The island nation of Kiribati has become a poster child for the existential threat that rising seas pose to low-lying nations.
The country is made up of 33 coral atolls in the Pacific Ocean, most of them less than six feet in elevation.
Some of the country’s 110,000 residents have already had to relocate to higher ground, and scientists warn that large swaths of the country could become uninhabitable in a matter of decades.
The World Bank estimates, for example, that half of the town of Bikenibeu, population roughly 6,500, could be inundated by 2050 by a combination of sea-level rise and storm surge.
The country's former president, Anote Tong, has long been an outspoken advocate for Kiribati and other low-lying island nations.
And in December of this year, while the international community was deliberating in Paris at the United Nations climate change talks, then-President Tong announced an ambitious plan of his own to help Pacific island nations adapt to rising waters.

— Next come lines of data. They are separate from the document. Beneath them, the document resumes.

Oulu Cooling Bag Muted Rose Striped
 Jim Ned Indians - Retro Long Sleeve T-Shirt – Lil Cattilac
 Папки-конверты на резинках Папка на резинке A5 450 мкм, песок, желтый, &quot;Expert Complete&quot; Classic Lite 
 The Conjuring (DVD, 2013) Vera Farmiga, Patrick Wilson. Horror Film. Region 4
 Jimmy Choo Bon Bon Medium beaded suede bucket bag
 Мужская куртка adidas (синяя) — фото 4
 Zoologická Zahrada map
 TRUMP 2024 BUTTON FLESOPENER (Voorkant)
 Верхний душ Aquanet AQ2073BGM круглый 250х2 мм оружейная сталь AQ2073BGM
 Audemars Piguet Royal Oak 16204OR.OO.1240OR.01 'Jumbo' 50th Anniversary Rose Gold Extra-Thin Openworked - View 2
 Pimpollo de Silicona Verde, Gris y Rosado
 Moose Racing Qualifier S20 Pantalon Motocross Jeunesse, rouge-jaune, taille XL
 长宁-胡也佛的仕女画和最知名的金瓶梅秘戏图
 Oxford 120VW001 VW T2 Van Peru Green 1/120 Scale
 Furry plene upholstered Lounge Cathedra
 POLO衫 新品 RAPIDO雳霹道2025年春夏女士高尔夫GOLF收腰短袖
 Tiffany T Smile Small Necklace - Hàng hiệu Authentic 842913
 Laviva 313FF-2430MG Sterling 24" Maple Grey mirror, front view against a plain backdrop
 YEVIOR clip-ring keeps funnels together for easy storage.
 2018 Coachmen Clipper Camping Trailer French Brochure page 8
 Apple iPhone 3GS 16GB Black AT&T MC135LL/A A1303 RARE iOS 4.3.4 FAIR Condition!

It’s called “Pacific Rising” and is being cast as a Marshall Plan for low-lying Pacific nations. Tong said his plan is needed because the Paris climate change agreement to limit global emissions came too late for places like Kiribati.
“The momentum of what’s already in the atmosphere will ensure that we continue to be submerged under the rising seas,” Tong said. “So we had to devise an alternative plan in addition to what’s already there.”
According to the UN, there’s been a reluctance to plan for relocation on the international stage out of a concern that talking about adaption would reduce pressure on big polluters to cut emissions and fight climate change.
But recently, Greg Stone, a scientist with the nonprofit group Conservation International, said money is starting to flow toward vulnerable nations.
“For the first time, nations are stepping up to respond to the commitments they made in Paris to help nations that are suffering from the effects of climate change,” Stone said.
But Stone said there’s no international plan for how to help low-lying nations adapt or relocate.
“No one has a coherent, interdisciplinary approach,” Stone said. “That’s the problem.”
Part of the Pacific Rising plan, which Conservation International backs, is to be a platform to raise funds from foreign governments and private philanthropies for adaptation projects, including infrastructure to preserve drinking water access and disaster preparedness.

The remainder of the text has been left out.